Good Joey. First, thank you for inviting me.

 

Joey Myers  00:44

You got it, sir. Hey, I wanted to kick off. I wanted to talk about because we're going to be looking at the idea of staying sideways with the lower half, directional force, all that. So, I wanted to get your view, since you introduced it to me and introduced it to the backspin tee guys, what's the major benefit of staying sideways? And maybe a detriment to not staying sideways? Maybe over rotating? Which I see a lot of young hitters do?

 

What’s the Major Hitting Training Benefit to “Staying Sideways”

 

Matt Nokes  01:13

Well, I think there are several reasons. I mean, it's a whole system, right? It's your lower body. And it's been misinterpreted for so many years. Because of well, the communication wasn't necessary.  Let's just say when a major leaguer's talking to another major leaguer, they're just spouting out hitting training words that don't mean a whole heck of a lot.
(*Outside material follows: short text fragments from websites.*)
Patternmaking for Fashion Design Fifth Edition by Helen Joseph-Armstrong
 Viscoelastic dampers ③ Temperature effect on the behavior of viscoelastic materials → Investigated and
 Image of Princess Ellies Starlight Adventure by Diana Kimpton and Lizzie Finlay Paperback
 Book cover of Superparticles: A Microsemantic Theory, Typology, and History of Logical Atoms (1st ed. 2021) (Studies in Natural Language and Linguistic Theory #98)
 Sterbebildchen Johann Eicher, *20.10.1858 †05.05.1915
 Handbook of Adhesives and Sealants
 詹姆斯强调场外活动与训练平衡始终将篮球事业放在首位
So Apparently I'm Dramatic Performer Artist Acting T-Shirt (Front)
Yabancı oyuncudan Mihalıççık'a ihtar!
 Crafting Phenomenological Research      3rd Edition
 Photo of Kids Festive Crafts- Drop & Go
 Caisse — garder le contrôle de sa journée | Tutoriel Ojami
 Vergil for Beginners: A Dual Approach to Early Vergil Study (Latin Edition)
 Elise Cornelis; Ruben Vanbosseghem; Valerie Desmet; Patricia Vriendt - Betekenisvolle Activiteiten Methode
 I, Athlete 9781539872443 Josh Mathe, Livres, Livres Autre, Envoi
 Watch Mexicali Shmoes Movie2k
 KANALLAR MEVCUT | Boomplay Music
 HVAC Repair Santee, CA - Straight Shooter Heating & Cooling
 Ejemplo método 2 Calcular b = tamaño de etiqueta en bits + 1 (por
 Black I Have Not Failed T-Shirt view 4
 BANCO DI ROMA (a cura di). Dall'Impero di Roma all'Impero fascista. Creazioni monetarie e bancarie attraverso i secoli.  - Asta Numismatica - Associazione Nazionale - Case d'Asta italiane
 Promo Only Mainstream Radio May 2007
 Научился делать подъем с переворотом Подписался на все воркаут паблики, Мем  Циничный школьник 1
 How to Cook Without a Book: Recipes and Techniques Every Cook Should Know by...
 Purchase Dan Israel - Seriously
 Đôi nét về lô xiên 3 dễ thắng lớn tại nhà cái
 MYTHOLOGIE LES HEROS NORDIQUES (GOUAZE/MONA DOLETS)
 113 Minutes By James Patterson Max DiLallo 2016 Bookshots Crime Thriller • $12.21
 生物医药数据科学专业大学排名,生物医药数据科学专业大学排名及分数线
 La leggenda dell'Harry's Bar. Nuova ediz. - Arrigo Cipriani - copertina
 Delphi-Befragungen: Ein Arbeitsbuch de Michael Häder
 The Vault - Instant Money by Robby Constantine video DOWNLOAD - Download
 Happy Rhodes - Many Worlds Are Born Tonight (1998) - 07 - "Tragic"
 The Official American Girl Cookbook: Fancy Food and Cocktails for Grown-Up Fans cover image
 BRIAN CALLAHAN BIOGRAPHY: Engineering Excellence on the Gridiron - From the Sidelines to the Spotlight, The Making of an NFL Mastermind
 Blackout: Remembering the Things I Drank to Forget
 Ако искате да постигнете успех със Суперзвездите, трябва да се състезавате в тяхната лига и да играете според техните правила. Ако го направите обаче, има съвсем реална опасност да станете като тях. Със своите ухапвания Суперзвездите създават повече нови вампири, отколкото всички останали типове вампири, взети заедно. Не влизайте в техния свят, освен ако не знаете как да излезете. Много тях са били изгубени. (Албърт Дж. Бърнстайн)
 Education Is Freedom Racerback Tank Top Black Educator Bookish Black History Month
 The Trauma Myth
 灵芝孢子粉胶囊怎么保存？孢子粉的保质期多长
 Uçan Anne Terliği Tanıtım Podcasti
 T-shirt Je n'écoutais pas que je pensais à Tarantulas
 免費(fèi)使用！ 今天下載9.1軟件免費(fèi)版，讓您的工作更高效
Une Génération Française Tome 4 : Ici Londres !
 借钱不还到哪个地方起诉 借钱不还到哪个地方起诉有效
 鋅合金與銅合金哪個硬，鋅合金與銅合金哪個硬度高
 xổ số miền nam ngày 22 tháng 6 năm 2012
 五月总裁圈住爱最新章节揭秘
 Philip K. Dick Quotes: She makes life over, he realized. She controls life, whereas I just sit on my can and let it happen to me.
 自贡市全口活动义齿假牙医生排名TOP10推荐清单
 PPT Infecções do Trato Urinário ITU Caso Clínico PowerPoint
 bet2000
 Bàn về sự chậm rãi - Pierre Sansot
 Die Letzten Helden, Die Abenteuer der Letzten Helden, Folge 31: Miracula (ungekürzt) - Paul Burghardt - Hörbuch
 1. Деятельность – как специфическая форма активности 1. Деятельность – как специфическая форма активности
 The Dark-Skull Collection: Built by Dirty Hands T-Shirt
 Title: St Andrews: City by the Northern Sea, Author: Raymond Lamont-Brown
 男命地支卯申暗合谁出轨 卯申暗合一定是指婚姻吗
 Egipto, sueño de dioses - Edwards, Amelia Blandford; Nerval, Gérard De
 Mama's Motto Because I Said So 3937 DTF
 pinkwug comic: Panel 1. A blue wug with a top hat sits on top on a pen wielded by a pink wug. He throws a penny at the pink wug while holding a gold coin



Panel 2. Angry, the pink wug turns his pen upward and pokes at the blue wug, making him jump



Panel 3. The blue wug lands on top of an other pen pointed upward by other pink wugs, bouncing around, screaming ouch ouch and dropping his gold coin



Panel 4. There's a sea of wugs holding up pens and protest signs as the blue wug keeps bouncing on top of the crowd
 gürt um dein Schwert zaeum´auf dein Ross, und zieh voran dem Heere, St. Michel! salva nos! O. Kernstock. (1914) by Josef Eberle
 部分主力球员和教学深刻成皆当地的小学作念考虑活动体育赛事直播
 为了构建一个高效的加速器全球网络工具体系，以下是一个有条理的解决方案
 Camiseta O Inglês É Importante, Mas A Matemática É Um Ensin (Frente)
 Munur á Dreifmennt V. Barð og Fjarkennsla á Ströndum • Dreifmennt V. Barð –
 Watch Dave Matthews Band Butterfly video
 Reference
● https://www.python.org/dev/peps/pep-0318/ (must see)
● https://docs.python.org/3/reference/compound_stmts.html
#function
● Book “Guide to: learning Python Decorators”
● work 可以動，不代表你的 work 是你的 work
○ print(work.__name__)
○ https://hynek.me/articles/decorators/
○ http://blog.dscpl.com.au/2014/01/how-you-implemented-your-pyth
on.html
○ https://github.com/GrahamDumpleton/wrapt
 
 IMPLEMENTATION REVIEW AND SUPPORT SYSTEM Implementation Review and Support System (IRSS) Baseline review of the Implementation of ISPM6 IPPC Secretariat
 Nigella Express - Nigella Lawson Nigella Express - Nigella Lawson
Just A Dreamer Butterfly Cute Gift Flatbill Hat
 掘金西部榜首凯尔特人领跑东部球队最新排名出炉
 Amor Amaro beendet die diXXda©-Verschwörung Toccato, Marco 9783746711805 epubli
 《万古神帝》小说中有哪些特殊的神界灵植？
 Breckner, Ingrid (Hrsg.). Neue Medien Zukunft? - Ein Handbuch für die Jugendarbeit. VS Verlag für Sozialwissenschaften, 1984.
Or it could mean 50 different things. But they're talking to someone who's been watching their teammate. They know what they're going through. It's what they say just a little bit. They know what they're saying.

 

Matt Nokes  01:53

And so a lot of the conversation is nonverbal. And so, this whole thing of using your hips, it's just something that has been brought up to people. And if you think about it, when you're hitting, for people who haven't been hitting, or who don't know how to hit, they don't see the patterns that you and I see or that a high school, college, pro player, or major leaguer, they don't see the patterns that we see.

 

Matt Nokes  02:27

And so, the varying levels of, there's a huge amount of information that you need to know just to see certain things. Right? And so, it's what, it's why there's this confusion. And people just haven't really taken the time to, or they just didn't feel like, feel the need to explain any more. Because, as one of my good friends Darrell Evans always said is well, I can't tell you everything.

 

Matt Nokes  02:56

Like he'll explain some awesome conflict. I go, why don't you tell me that, you know, 20 years ago when we were in the big leagues? Because I can't tell you everything, because you knew.  He hit 400 or over 400 home-runs. But there were some hitting training things that he didn't question. And things that I questioned, and vice versa, I wish I would have had that information from the beginning.

 

Matt Nokes  03:22

And it's not so much that we see the patterns, because everyone sees oh, you know, that front leg straightens out at some point, that must be important. Okay, well, it kind of straightens out when you block. Sometimes it doesn't when your way into your legs.  But the point is, it's blocked, blocking. And because there's rotation, it's going to straighten out, close to contact.

 

Matt Nokes  03:54

Like everybody knows, if you ever thought about straightening out your front leg thinking that that's going to be key, that's going to be one of my adjustments. One of my adjustments, that I'm going to get three hits tonight, you know that, that would be like the worst thing to think about, right? You would leak. You would just pole vault, leak your way up and out over the top.

 

Matt Nokes  04:17

So having said that, it's not enough to see a pattern, you have to be able to go beyond that and see the model, you have to be able to model what's going on, you have to know get to see hitting training in three dimensions as opposed to, drawing triangles, you need to see the pyramid.  You need to see more of really what's happening to understand it. So, when you look at somebody hit, you see their hips turning.  It's like no, they do turn, you know, I mean, I am watching them turn, but you have to look past that and say, what is making it turn?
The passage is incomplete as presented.